What you need to do ▸
Omit all images, then repeat exactly the lines below from the one containing "Homer the New Fail Whale by edwheeler Homer" through the one containing "Фен VGR V 439", both ends included.
(Beginning of Exercise material)
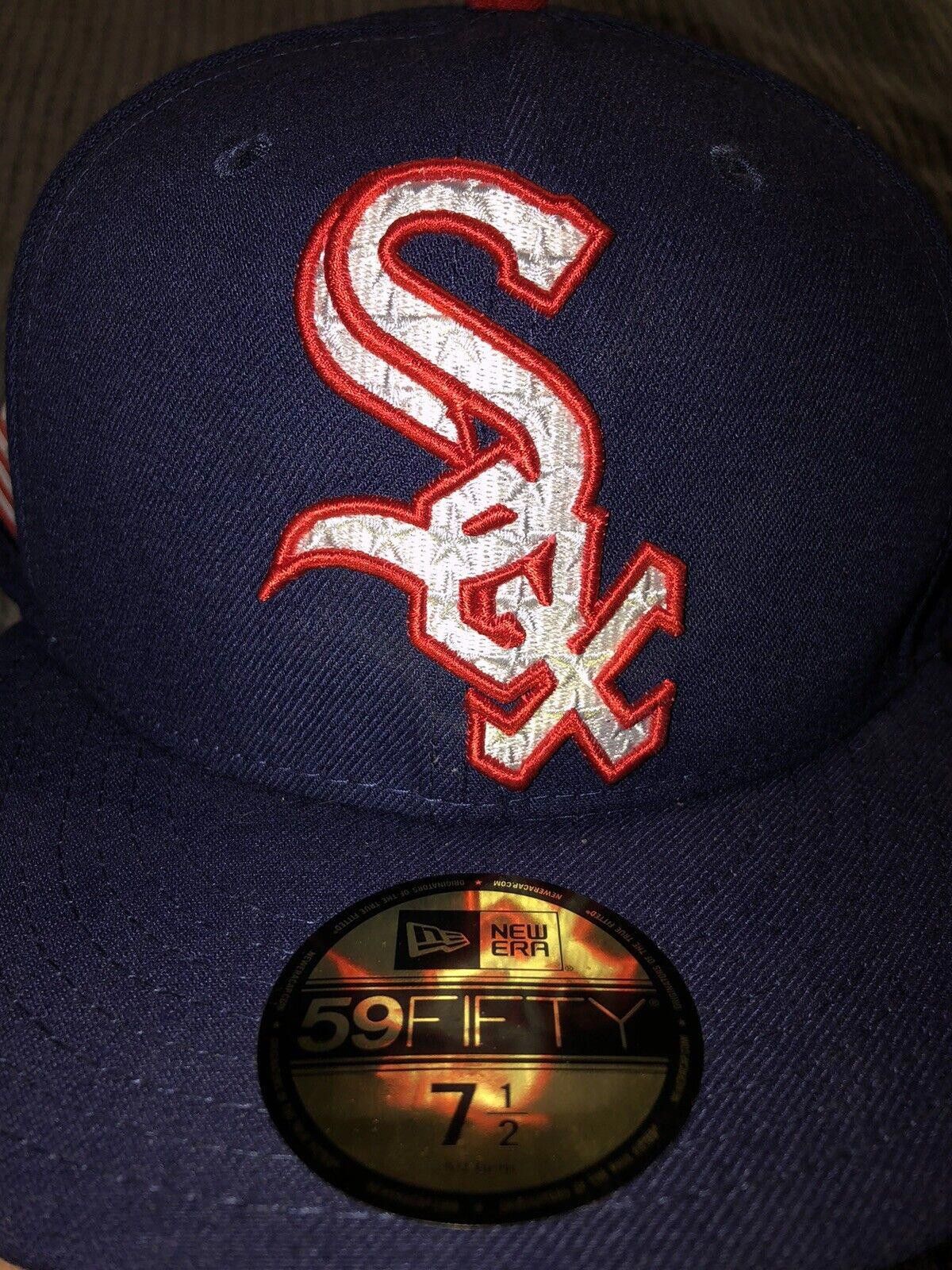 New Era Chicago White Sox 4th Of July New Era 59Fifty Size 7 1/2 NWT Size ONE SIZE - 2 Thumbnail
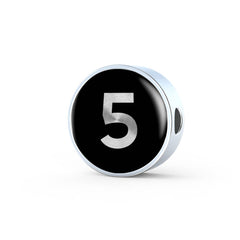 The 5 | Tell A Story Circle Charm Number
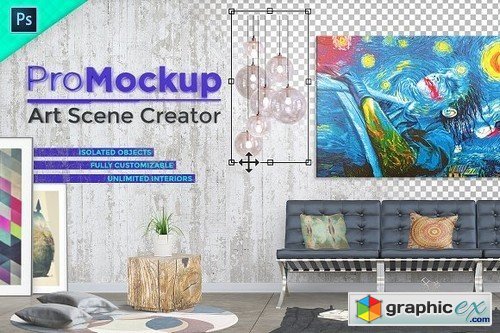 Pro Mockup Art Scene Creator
(End of Exercise material)
(Beginning of Exercise material)
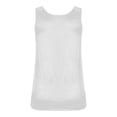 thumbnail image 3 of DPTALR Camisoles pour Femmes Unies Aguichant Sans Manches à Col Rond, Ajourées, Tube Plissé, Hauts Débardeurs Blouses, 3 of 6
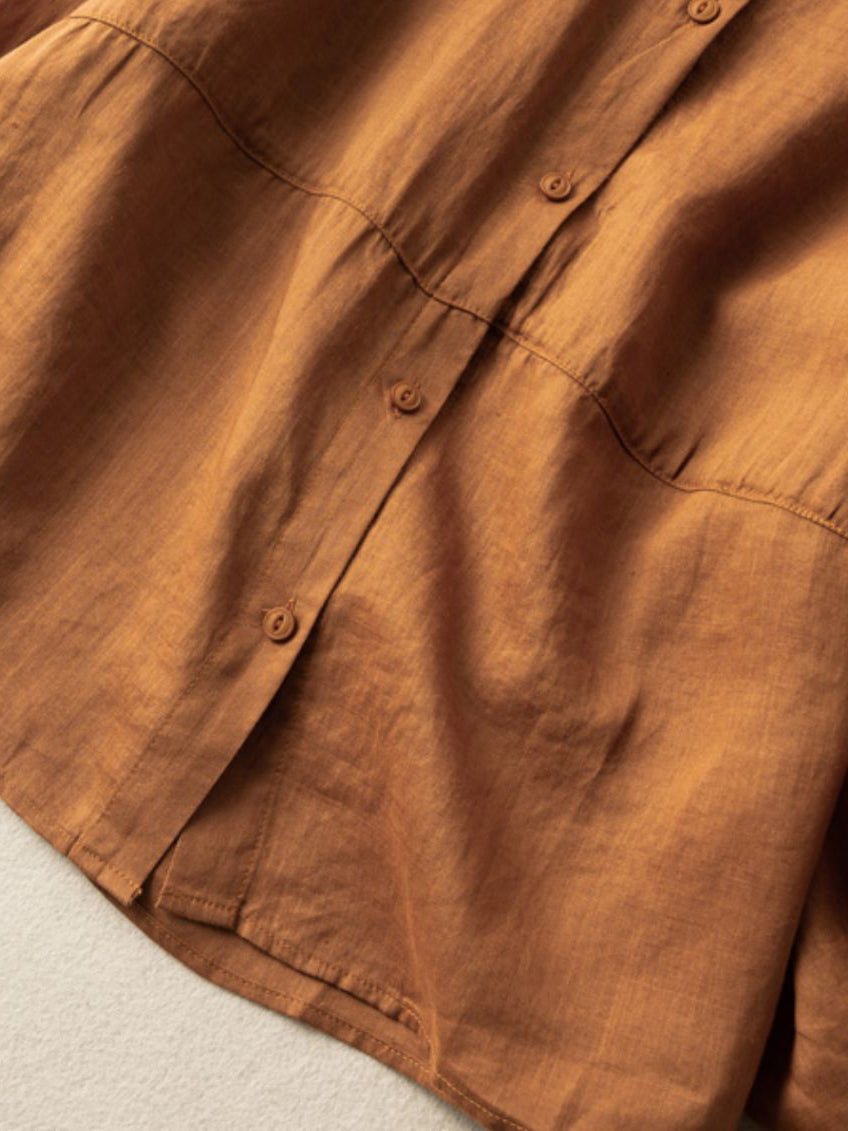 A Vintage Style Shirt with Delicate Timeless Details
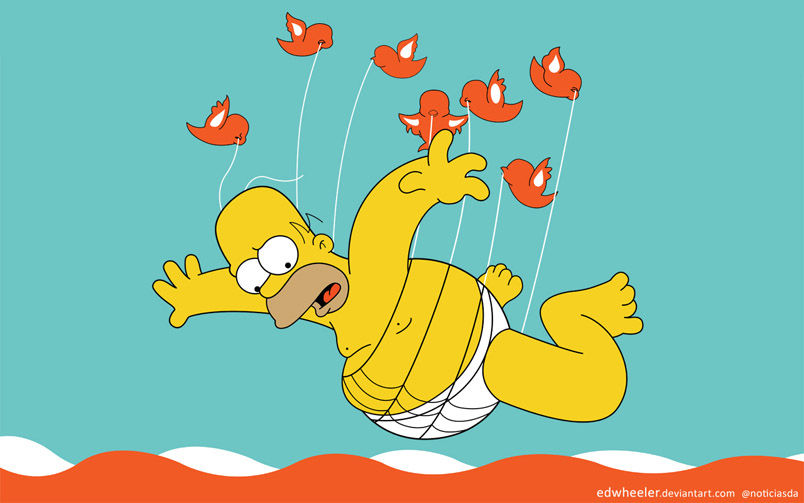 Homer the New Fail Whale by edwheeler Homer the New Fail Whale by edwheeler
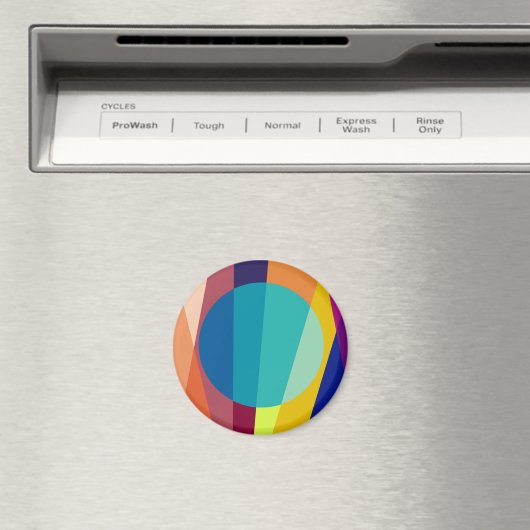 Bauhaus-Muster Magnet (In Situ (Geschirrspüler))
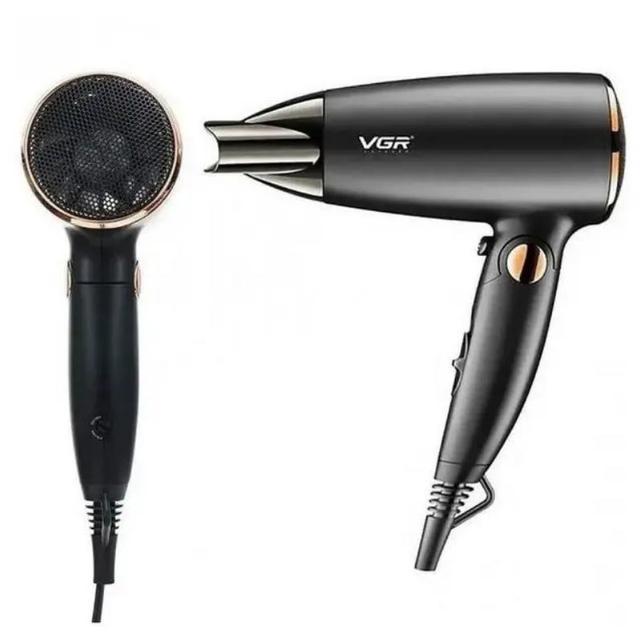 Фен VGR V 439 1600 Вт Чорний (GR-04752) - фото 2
(End of Exercise material)
Task answer ▸
 Homer the New Fail Whale by edwheeler Homer the New Fail Whale by edwheeler
 Bauhaus-Muster Magnet (In Situ (Geschirrspüler))
 Фен VGR V 439 1600 Вт Чорний (GR-04752) - фото 2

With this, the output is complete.